У Морозова были гости, пришлось говорить на кухне. Туда заходили, и разговор получился клочковатым. Но главное Орехов сказать успел: нужно готовиться к возможному аресту. Версия их отношений — беседы с целью вербовки. Сегодня же, лучше — сейчас, убрать из квартиры заготовки к листовкам. Предупредить всех, кто имел к ним отношение.
Морозов сосредоточенно кивал. Казалось, тщательно просчитывал свои действия на ближайшие дни и недели. Прикидывал, как «лечь на дно». И вдруг оглушил Орехова просьбой: нужен пропуск на суд. Он должен быть там, где будет процесс над Орловым… Там, где каждый третий — сотрудник госбезопасности, где Морозов наверняка столкнется с тем, кто однажды убеждал его, будто его телефон не прослушивается?.. Бесстрашие? Или безрассудство?
Конечно, Орехов понимал, суд над Орловым для правозащитников — пик их драмы. Все увидеть, услышать это значит до конца своих дней сознавать: ты был не рядом, не около — в эпицентре истории. Ну а в том, что они, правозащитники, творили в тот момент историю страны — ее нравственное возрождение, не сомневался никто из них. Не сомневался в этом и Орехов. Да так ли уж рискованно быть Морозову на суде?.. К тому же у обоих в запасе — версия.
Орехов достал ему этот кусок плотной бумаги с оттиском одного слова «Пропуск». Там не было фамилии, проставлено лишь число. Морозов, благополучно миновав оцепление милиции, затем — людей в штатском, в коридоре суда ткнулся не в ту дверь и услышал оклик. Он всмотрелся — лицо было знакомым. Один из тех, кто сопровождал его в машине с Ореховым, когда в портфеле лежал «Архипелаг»… Как вы оказались здесь?
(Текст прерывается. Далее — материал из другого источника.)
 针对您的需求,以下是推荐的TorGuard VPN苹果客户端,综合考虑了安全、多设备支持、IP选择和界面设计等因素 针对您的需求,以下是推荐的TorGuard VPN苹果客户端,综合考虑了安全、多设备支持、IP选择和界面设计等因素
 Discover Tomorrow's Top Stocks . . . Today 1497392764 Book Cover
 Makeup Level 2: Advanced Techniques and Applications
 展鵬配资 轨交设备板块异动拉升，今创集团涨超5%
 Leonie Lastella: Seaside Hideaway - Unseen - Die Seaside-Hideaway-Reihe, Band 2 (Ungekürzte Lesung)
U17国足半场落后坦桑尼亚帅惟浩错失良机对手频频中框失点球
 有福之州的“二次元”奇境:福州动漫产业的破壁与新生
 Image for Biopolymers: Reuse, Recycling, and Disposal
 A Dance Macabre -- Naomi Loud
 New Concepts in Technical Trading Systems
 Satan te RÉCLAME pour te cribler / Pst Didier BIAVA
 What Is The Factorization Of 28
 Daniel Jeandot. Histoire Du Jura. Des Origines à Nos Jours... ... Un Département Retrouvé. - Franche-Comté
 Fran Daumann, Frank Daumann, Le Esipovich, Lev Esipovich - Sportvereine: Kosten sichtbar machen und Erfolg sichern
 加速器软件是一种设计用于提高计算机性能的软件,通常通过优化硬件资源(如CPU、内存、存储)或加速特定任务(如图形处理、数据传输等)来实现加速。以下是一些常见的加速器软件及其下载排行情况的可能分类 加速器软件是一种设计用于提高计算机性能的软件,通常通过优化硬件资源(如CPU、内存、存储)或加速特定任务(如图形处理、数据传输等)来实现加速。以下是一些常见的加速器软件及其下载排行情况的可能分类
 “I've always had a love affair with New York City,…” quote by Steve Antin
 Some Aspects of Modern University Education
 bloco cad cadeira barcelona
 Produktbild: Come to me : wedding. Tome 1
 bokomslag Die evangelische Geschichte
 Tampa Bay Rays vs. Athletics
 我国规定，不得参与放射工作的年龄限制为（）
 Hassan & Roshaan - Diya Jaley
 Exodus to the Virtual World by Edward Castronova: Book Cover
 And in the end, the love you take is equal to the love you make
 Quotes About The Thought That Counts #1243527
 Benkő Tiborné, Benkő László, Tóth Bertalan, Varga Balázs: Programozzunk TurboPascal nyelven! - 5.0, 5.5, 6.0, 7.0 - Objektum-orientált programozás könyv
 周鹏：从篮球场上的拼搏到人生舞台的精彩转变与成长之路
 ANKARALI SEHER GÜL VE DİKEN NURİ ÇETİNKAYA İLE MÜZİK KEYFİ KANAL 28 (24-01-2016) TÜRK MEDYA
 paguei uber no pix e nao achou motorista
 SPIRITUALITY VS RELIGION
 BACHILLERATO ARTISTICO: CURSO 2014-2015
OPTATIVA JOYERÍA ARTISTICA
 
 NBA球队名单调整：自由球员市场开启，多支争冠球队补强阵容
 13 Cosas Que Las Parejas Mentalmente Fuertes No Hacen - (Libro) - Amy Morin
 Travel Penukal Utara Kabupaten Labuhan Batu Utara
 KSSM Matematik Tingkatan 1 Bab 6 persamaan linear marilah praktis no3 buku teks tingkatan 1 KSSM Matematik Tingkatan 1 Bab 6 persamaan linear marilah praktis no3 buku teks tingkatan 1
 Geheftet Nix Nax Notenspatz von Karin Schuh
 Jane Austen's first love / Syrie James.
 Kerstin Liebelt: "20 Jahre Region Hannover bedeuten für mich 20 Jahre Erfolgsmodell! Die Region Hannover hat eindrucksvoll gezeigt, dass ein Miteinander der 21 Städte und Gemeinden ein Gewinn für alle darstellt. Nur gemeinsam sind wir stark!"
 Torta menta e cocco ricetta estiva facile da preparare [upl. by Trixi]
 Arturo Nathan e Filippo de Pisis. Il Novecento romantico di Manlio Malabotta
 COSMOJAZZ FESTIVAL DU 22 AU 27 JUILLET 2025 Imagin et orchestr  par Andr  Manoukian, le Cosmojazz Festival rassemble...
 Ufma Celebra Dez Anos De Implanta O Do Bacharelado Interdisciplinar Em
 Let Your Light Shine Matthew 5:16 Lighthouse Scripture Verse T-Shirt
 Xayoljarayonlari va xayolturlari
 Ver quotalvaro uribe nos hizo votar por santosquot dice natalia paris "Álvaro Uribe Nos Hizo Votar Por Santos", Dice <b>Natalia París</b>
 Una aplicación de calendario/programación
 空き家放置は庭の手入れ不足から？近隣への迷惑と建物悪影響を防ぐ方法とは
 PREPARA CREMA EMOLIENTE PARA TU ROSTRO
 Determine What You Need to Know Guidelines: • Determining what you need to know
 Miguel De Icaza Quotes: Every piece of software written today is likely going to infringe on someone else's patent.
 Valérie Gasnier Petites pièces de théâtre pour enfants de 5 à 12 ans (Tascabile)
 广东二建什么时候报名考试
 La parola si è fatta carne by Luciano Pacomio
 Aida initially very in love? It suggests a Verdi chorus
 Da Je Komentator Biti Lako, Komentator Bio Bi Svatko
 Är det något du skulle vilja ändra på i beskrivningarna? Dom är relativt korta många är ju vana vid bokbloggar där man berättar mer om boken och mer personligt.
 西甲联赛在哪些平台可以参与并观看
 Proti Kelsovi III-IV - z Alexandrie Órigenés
Пропуск? Откуда? Нашли? Где? Возле вашего дома? Очень интересно! Удивительный дом, возле которого валяются такие пропуска.
Нет, его не задержали, отпустив с миром. Морозов нужен был сотрудникам госбезопасности на свободе.
Из переписки Орехова с женой
«…Мне иногда здесь хочется выть от скуки. Вокруг в основном те, кто, работая в охране мест заключения или в милиции, позарился на чужое добро. Говорить с ними о моих друзьях очень трудно. Не поймут. А как было бы здорово попасть туда, где мои единомышленники!.. С ними в разговорах и спорах легче бы прошли годы неволи.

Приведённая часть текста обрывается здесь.